■ Task prompt ■
Transcribe all of the entries below exactly. Leave out the pictures.

■ Provided data ■
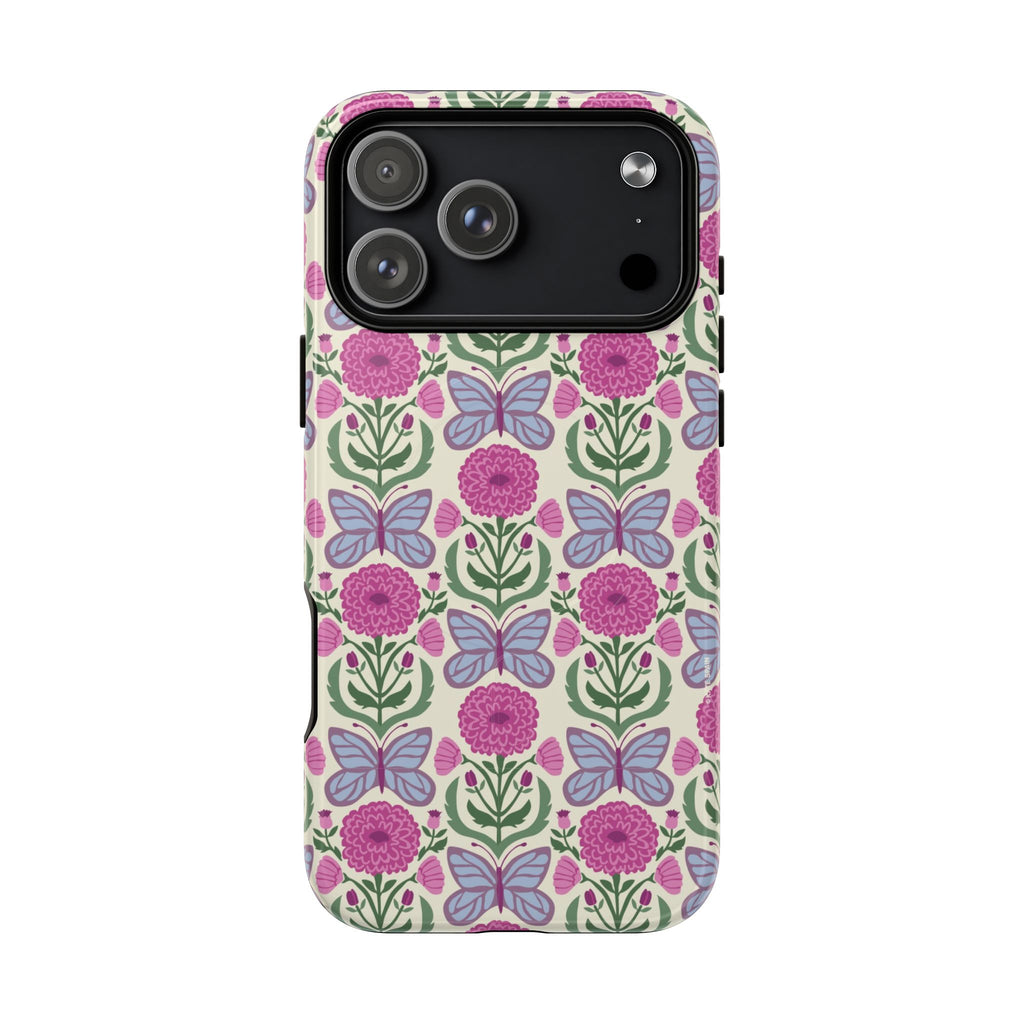 Butterfly MagSafe iPhone 17 Pro Max Case – Glossy | cream, magenta, periwinkle butterfly floral print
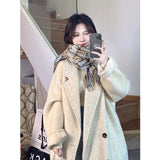 2026 Hepburn Wind Hair This Coat Autumn And Winter Korean Version Of The Loose Small Man This Coat Woman Long Plus Thicken Thick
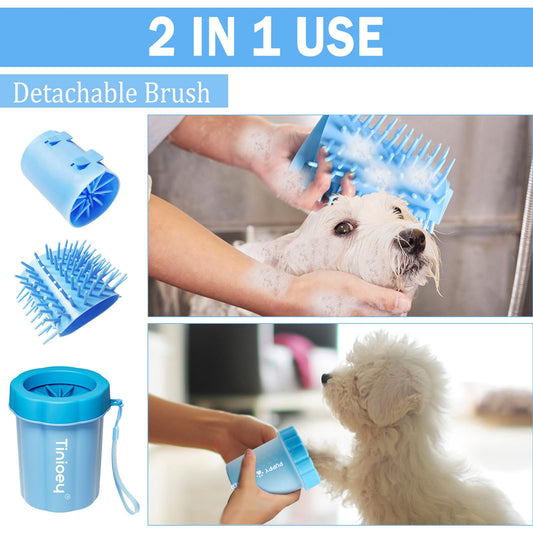Tinioey Dog Paw Cleaner for Dogs, Dog Paw Washer, Pet Paw Cleaner Muddy Paws Cleaner, Dog Foot Cleaner (with 3 Absorbent Towels), Dog Walking Accessories Dog Gifts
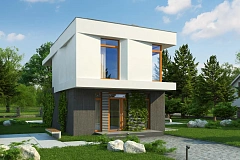 Проект двухэтажного дома в стиле кубизм, подходит для строительства на узком участке.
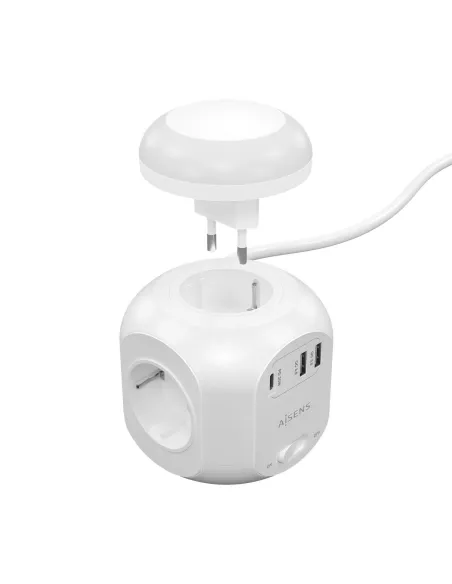 Aisens Regleta Multifunción con 4 Tomas + 1x USB-C 2x USB-A 18M Blanco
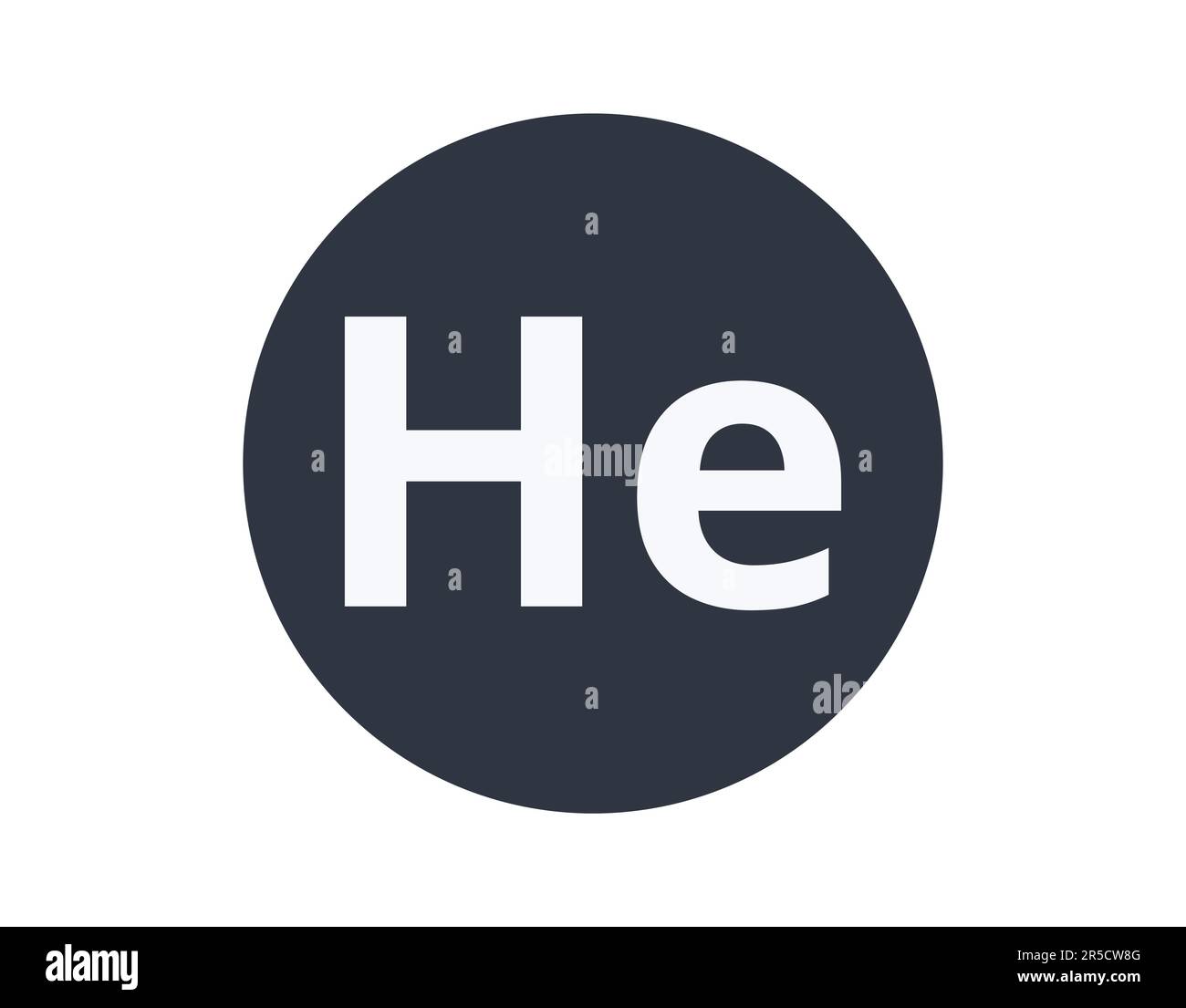 Isoliertes Helium-chemisches Element in einem Kreis. Stock Vektor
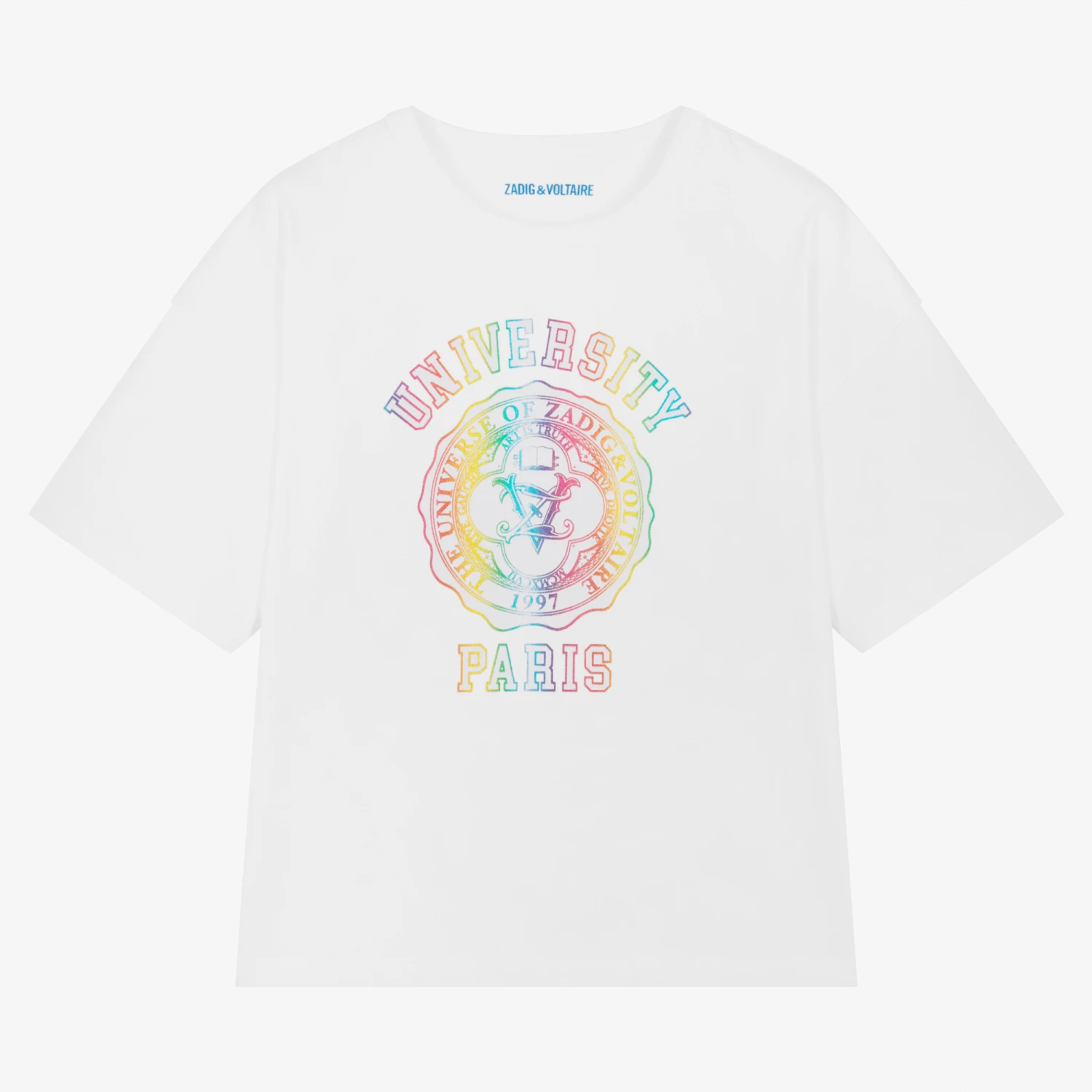 Zadig & Voltaire Zadig&Voltaire Teen Girls White Logo T-Shirt 1 Zadig & Voltaire Zadig&Voltaire Teen Girls White Logo T-Shirt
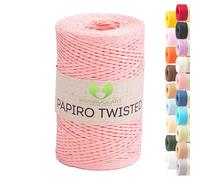MeriWoolArt Papiro Twisted Pelote de fil pour crochet et tricot 100 g (170 m) Idéal pour macramé, chapeaux, sacs, projets de bricolage et accessoires de maison Respectueux de l'environnement 1306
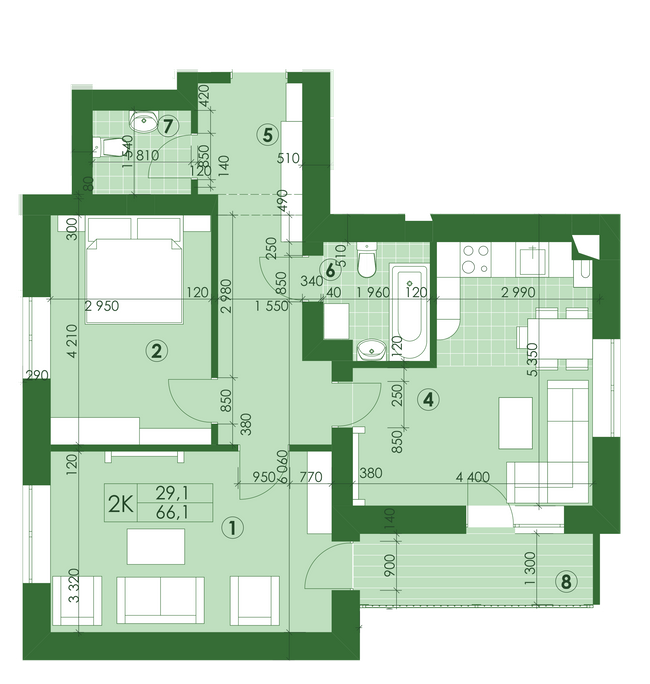 2-комнатная 66.1 м² в ЖК Квартал Парковый от 12 950 грн/м², г. Обухов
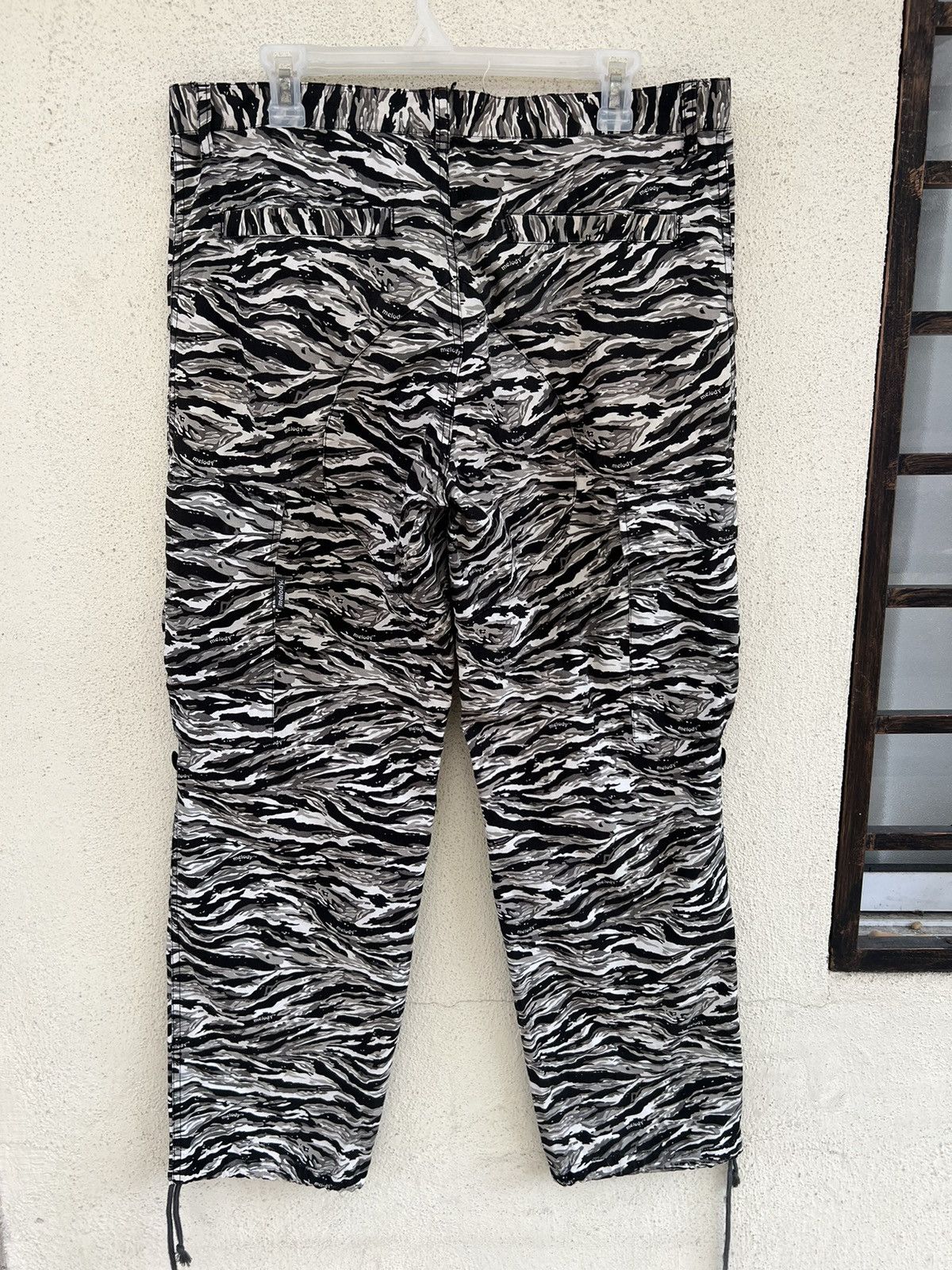 Vintage Melody Japan Drawstring Hem Striped Camo Cargo Trouser Size US 32 / EU 48 - 15 Thumbnail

■ Result of this task ■
 Butterfly MagSafe iPhone 17 Pro Max Case – Glossy | cream, magenta, periwinkle butterfly floral print
 2026 Hepburn Wind Hair This Coat Autumn And Winter Korean Version Of The Loose Small Man This Coat Woman Long Plus Thicken Thick
Tinioey Dog Paw Cleaner for Dogs, Dog Paw Washer, Pet Paw Cleaner Muddy Paws Cleaner, Dog Foot Cleaner (with 3 Absorbent Towels), Dog Walking Accessories Dog Gifts
 Проект двухэтажного дома в стиле кубизм, подходит для строительства на узком участке.
 Aisens Regleta Multifunción con 4 Tomas + 1x USB-C 2x USB-A 18M Blanco
 Isoliertes Helium-chemisches Element in einem Kreis. Stock Vektor
 Zadig & Voltaire Zadig&Voltaire Teen Girls White Logo T-Shirt 1 Zadig & Voltaire Zadig&Voltaire Teen Girls White Logo T-Shirt
MeriWoolArt Papiro Twisted Pelote de fil pour crochet et tricot 100 g (170 m) Idéal pour macramé, chapeaux, sacs, projets de bricolage et accessoires de maison Respectueux de l'environnement 1306
 2-комнатная 66.1 м² в ЖК Квартал Парковый от 12 950 грн/м², г. Обухов
 Vintage Melody Japan Drawstring Hem Striped Camo Cargo Trouser Size US 32 / EU 48 - 15 Thumbnail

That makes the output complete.